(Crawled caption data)
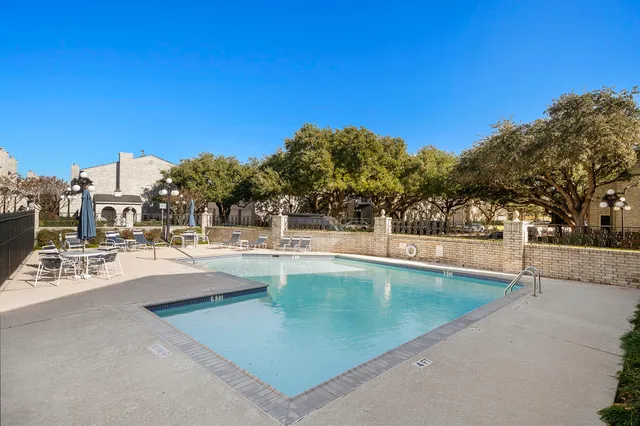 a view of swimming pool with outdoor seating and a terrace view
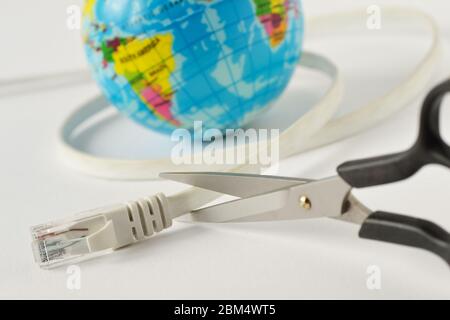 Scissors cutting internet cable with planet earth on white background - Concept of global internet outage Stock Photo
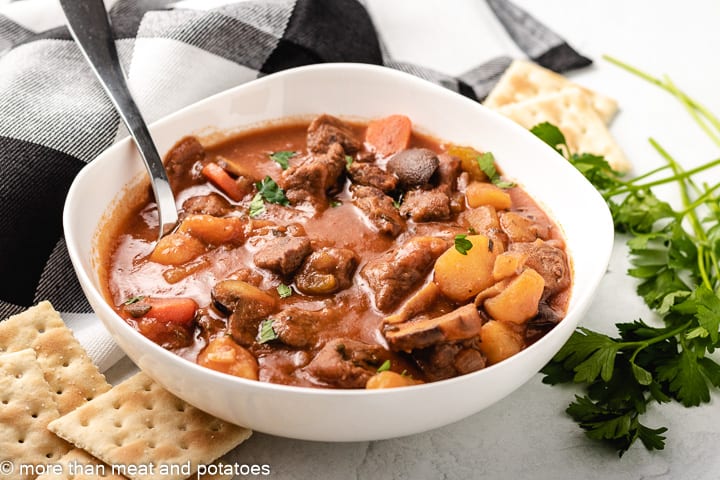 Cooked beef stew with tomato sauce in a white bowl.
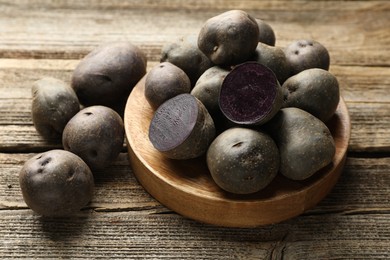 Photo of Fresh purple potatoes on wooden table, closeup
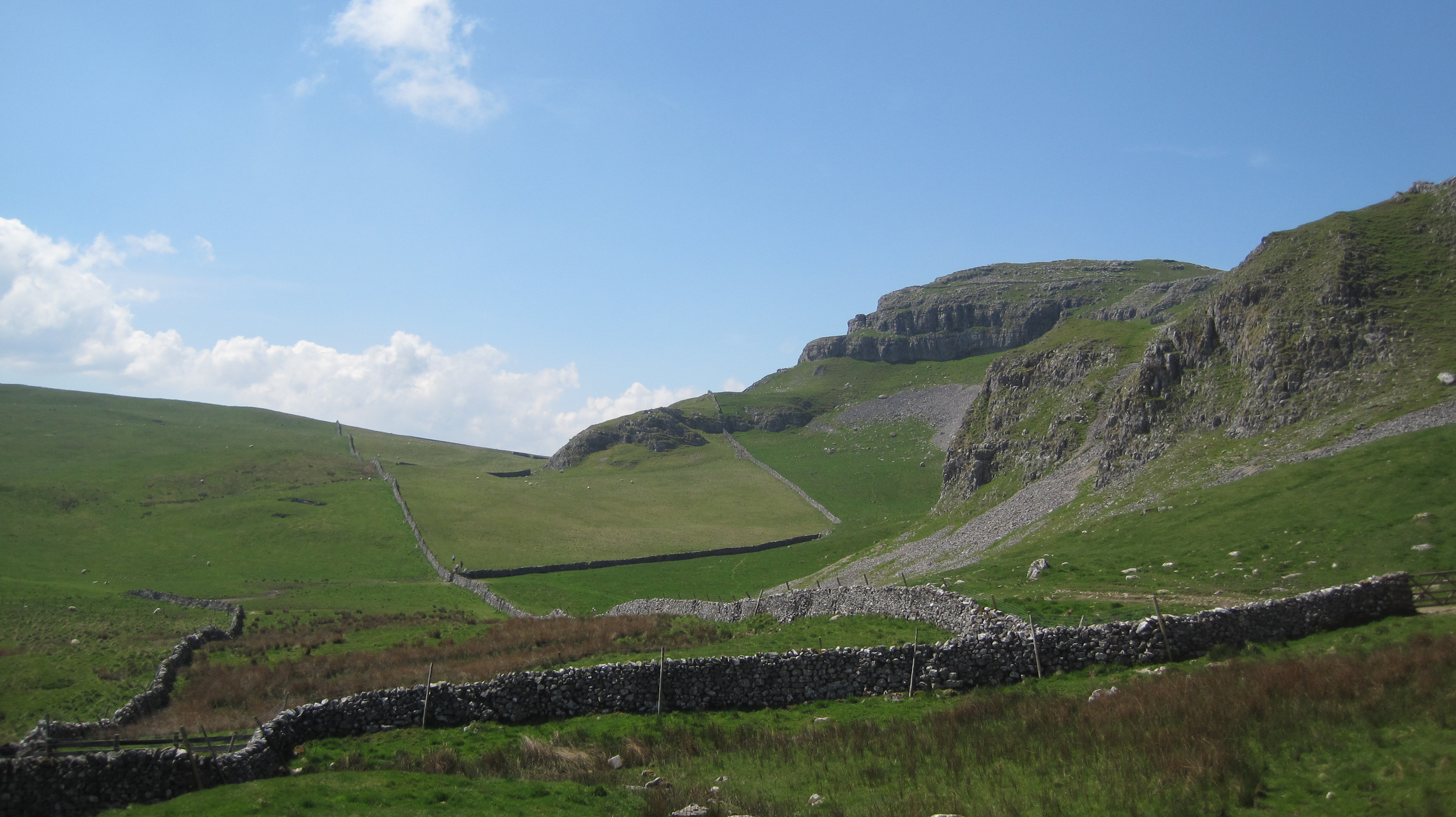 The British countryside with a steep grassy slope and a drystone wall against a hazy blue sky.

- _The problem_
Repeat exactly the line containing "Cooked beef stew" and every line after it through the end of the records, and nothing else. Leave the pictures out.

- _Your solution_
 Cooked beef stew with tomato sauce in a white bowl.
 Photo of Fresh purple potatoes on wooden table, closeup
 The British countryside with a steep grassy slope and a drystone wall against a hazy blue sky.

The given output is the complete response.